** Opening Provided data block **
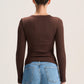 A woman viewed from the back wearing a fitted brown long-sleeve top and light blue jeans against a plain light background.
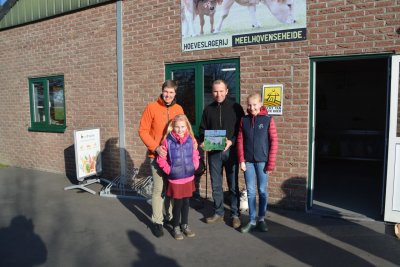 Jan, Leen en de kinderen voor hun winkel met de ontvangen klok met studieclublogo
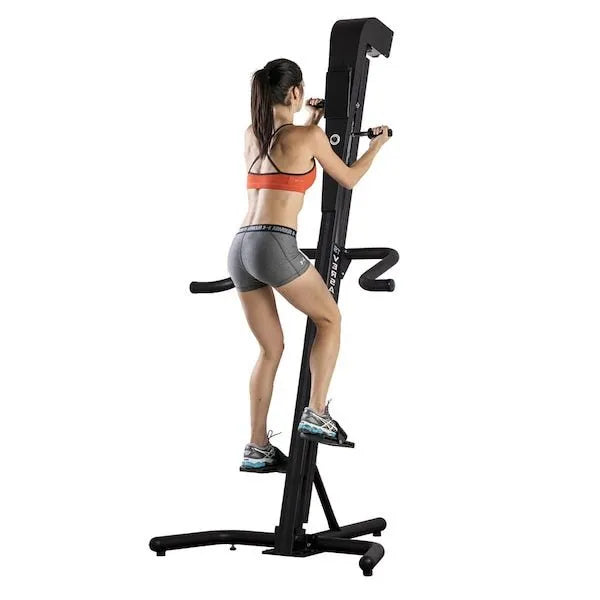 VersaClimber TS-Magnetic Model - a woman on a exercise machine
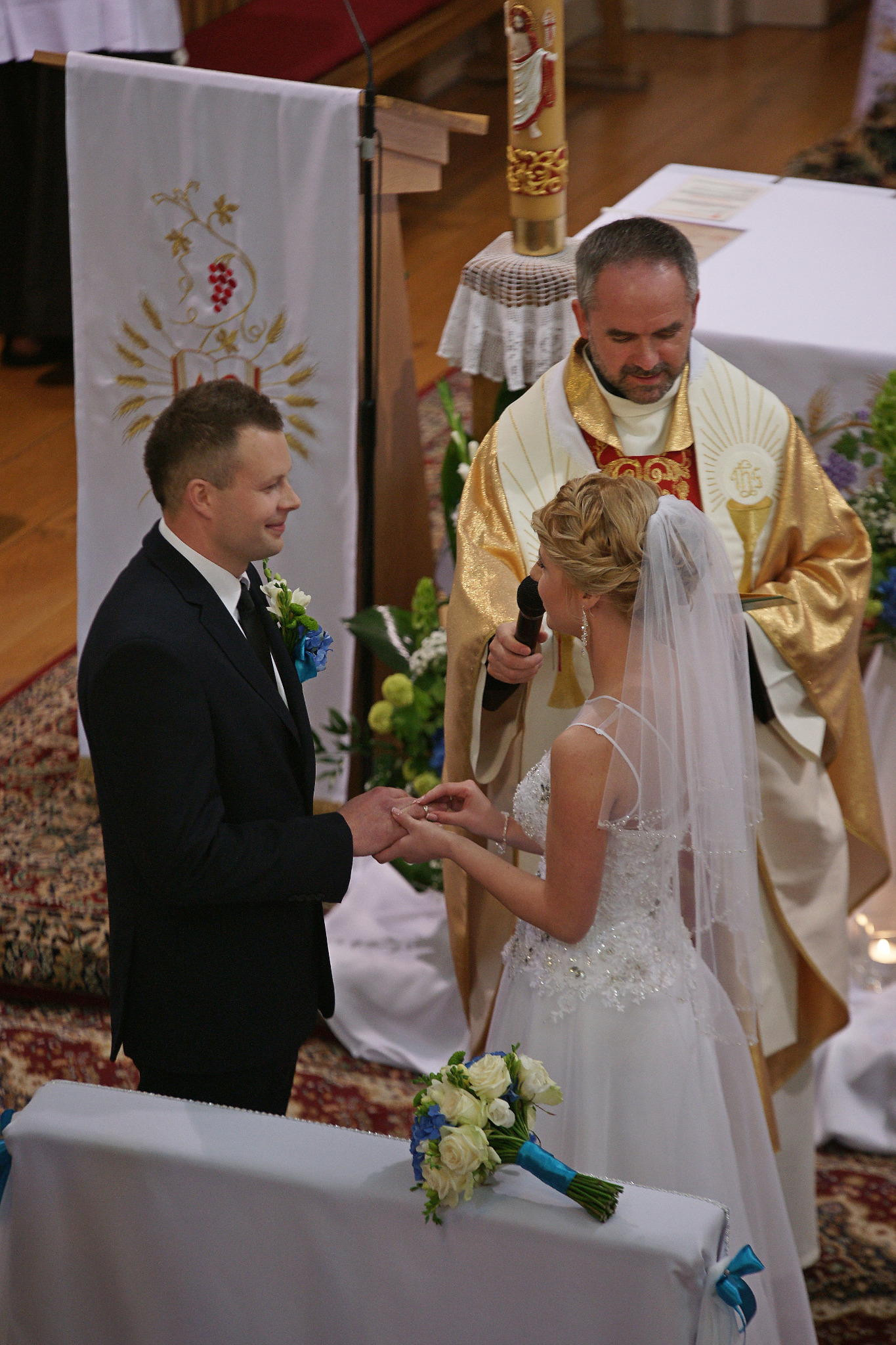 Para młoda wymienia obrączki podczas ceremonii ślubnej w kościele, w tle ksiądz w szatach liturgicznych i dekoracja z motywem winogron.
** Closing Provided data block **
Task to complete
A verbatim copy of the listing is required, with all pictures left out.

Response below
 A woman viewed from the back wearing a fitted brown long-sleeve top and light blue jeans against a plain light background.
 Jan, Leen en de kinderen voor hun winkel met de ontvangen klok met studieclublogo
 VersaClimber TS-Magnetic Model - a woman on a exercise machine
 Para młoda wymienia obrączki podczas ceremonii ślubnej w kościele, w tle ksiądz w szatach liturgicznych i dekoracja z motywem winogron.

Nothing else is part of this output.